Tanztheater : Bunter Protest im traurigen Kummerland

140 Mitwirkende des Ballett und Tanztheater Schlebusch widersetzten sich fantasievoll dem Titel: „Tanzen verboten“.

Was für eine graue und trostlose Welt! Farblos ist die Bühne, es wabert leichter Nebel wenn grau gekleidete Menschen rot umrandete Verbotsschilder aufstellen. Da ist nicht nur „Tanzen verboten“, wie es bereits der Titel der großen Gemeinschaftsproduktion des Ballett und Tanztheaters Schlebusch von Inge Weber-Hintzen angekündigt hat. Nach einer erfolgreichen Premiere im nahezu ausverkauften Forum füllte sich der große Saal zur Wiederholung am Sonntag nochmals.

Betretenes und auch erwartungsvolles Schweigen herrschte, während ohne jede Musik weitere Schilder hereingetragen wurden, die eigentlich alles untersagen, was im Leben so Spaß macht: Hüpfen, Singen, Lachen und schließlich sogar das Trippeln. Nur Hunde sind anscheinend noch erlaubt im Kummerland des Fürsten Lachenicht, an der Leine über die Tanzfläche geführt. Pelé ist das einzige echte Tier in der Tanzballade, in der 140 Mitwirkende szenenweise in unterschiedliche Rollen und Kostüme schlüpften, unter anderem als schwarze Raben das Gefieder streckten, als gelbe Schmetterlinge umherflatterten, als knallgrüne Frösche über die Bühne sprangen oder als Rehe umherhüpften. Doch in den Wald führt der ausgesprochen tanzfreudige Kasper Floh die traurigen Menschen seines Landes erst, nachdem sie in Gruppen von Schulkindern und Erwachsenen zu motorischen Geräuschen gejagt wurden, immer schön im Slalom durch die Verbotsschilder.

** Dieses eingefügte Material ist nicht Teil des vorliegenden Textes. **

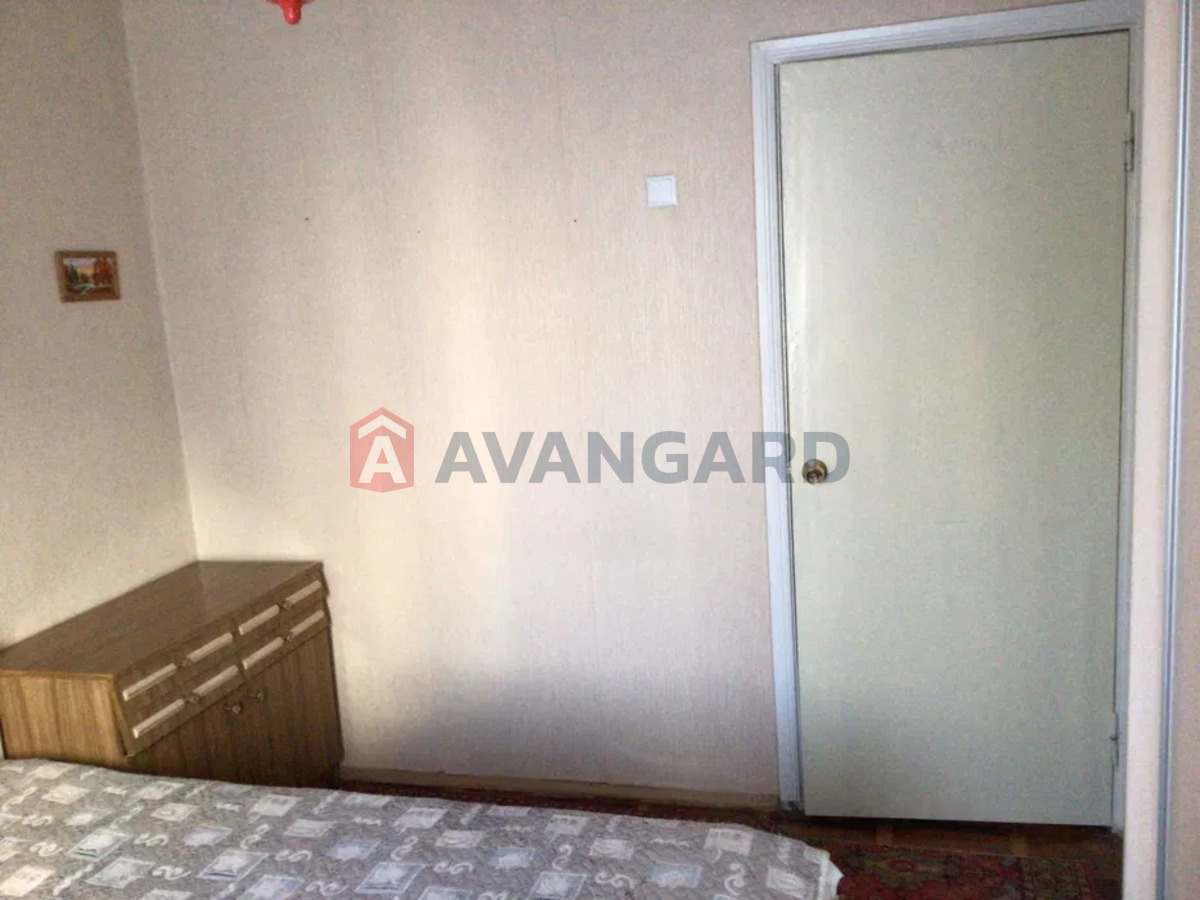 3 . , 67/-/8 . ., 4/9   12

Im Wald wird alles auf den Kopf gestellt, was in der Stadt Wachmannschaften mit eindrucksvollem Stechschritt zu verhindern wissen. Im wahrsten Sinne des Wortes. Denn die Bäume, frisch grüne Birken, hängen kopfüber vom Bühnenhimmel. Eine witzige, aber eindrucksvolle wie praktische Ausstattungsidee. So steht nichts im Weg, wenn sich darunter die einzelnen (Alters-)Gruppen auf dem Bühnenboden abwechseln, um etwas von der breiten Palette des Tanzes zu zeigen. Kinder und Jugendliche, die sich mit spielerischen Bewegungen im Reigen drehen, während andere das Publikum mit einer russischen Volkstanz-Choreografie beeindruckten oder mit einem fetzigen Boogie in Pünktchenrock und Petticoat.Junge Erwachsene legten eine rasante Tarantella auf den Ballettboden, Jugendliche zeigten ihre ganze Beweglichkeit im Freestyle mit Breakdance-Elementen und ein Erwachsenen-Trio fügte vier Kurzchoreographien von Anna-Carolin Weber ein.

Immer wenn es unten besonders wild wurde, tanzten oben die Deko-Bäume mit, auf und ab im Takt der Musik. Stimmung wurde außerdem mit wechselnden Lichtfarben gezeichnet. Für das gelungene Gesamtbild sind die genauso wichtig wie die Musikauswahl und die farbenfrohen Kostüme, die bei dieser trist und grau begonnenen Produktion umso mehr wirken.

Die zeugte von viel Liebe zum Detail und vor allem von harten Proben in den einzelnen Gruppen, angefangen mit den Vorschulkindern in der Gruppe I bis zu den Erwachsenen im Tanztheater, die ihre langjährige Erfahrung einbrachten, vor allem im zweiten Teil, in dem sich die von Alois Weber erdachte Geschichte zuspitzte.